Darryl Leroux at UNB

  • November 21, 2019

Please join us for the Saint John launch of Darryl Leroux’s Distorted Descent: White Claims to Indigenous Identity.

Date: Thursday, November 21, 2-4 p.m.
Location: Ganong Hall Lecture Theatre (University of New Brunswick, Saint John Campus), Saint John, NB.
Cost: FREE

A panel of respondents organized by the Office of the Piluwitahasuwin will share thoughts and pose questions.

This event is sponsored by the Office of the Piluwitahasuwin, the UNBSJ Faculty of Arts, the Lorenzo Society, and the Departments of Humanities and Languages/History and Politics.

About the Book

Distorted Descent examines a social phenomenon that has taken off in the twenty-first century: otherwise white, French descendant settlers in Canada shifting into a self-defined “Indigenous” identity. This study is not about individuals who have been dispossessed by colonial policies, or the multi-generational efforts to reconnect that occur in response. Rather, it is about white, French-descendant people discovering an Indigenous ancestor born 300 to 375 years ago through genealogy and using that ancestor as the sole basis for an eventual shift into an “Indigenous” identity today.

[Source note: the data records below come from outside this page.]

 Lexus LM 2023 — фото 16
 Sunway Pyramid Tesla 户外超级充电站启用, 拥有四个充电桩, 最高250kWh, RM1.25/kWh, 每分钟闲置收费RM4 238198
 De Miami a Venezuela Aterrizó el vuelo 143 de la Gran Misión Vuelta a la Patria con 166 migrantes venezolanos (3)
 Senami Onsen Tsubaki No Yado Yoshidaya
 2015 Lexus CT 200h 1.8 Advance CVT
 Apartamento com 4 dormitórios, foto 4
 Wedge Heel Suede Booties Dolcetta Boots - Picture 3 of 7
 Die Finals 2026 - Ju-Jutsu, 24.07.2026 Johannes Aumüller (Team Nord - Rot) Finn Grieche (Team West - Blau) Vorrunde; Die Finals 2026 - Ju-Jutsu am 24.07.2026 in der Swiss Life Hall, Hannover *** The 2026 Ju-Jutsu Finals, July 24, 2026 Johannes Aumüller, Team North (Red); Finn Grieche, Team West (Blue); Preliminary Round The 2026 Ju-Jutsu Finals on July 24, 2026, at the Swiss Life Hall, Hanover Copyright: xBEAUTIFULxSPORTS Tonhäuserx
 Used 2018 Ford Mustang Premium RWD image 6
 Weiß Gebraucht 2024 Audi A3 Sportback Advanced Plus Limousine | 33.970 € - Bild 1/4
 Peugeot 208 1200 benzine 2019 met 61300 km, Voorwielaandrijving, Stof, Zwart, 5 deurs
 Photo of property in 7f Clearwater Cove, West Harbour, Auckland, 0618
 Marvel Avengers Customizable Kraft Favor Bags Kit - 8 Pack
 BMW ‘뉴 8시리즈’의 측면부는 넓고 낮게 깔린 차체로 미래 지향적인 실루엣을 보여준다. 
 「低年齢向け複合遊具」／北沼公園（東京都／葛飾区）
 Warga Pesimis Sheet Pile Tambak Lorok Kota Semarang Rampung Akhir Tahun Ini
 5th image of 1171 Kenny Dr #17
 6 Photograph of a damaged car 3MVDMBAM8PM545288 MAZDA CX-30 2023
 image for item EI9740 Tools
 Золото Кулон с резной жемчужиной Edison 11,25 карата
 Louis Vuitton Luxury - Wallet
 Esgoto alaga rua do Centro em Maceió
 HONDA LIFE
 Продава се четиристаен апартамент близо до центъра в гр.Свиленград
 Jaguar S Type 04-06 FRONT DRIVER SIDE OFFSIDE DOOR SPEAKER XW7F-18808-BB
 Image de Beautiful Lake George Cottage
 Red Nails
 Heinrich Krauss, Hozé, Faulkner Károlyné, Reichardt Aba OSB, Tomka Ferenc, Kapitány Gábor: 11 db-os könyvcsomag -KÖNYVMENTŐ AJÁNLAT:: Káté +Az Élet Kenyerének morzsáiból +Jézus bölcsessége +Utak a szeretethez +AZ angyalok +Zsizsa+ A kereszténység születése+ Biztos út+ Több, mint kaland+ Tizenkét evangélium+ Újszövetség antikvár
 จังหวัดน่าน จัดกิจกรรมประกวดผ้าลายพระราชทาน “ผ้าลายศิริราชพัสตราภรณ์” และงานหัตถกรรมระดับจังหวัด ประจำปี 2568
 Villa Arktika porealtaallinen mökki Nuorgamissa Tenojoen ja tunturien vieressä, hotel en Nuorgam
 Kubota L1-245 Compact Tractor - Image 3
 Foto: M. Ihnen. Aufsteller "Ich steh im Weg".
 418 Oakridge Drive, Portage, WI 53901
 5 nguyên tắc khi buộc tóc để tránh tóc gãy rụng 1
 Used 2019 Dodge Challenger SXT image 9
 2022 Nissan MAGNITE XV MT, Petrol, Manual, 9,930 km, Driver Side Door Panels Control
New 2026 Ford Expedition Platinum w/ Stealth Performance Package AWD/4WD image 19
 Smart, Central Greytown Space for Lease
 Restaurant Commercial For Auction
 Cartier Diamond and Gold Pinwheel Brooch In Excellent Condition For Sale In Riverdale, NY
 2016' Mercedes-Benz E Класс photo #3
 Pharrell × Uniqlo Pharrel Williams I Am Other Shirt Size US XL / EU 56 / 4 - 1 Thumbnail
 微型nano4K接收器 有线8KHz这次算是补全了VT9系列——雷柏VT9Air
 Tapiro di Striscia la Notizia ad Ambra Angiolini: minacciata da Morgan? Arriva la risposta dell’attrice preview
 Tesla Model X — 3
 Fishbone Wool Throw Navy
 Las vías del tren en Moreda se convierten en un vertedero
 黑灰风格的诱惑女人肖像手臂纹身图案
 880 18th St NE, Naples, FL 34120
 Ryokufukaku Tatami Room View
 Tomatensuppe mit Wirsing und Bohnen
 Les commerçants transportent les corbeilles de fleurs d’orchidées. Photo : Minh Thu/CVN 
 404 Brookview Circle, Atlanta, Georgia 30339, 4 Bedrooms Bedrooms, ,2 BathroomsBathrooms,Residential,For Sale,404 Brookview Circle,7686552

After setting out the most common genealogical practices that facilitate race shifting, Leroux examines two of the most prominent self-identified “Indigenous” organizations currently operating in Quebec. Both organizations have their origins in committed opposition to Indigenous land and territorial negotiations, and both encourage the use of suspect genealogical practices. Distorted Descent brings to light to how these claims to an “Indigenous” identity are then used politically to oppose actual, living Indigenous peoples, exposing along the way the shifting politics of whiteness, white settler colonialism, and white supremacy.

About the Author

Darryl Leroux is associate professor in the Department of Social Justice and Community Studies at Saint Mary’s University in Kjipuktuk (Halifax, Nova Scotia). He has been working on the dynamics of racism and colonialism among fellow French descendants for nearly two decades.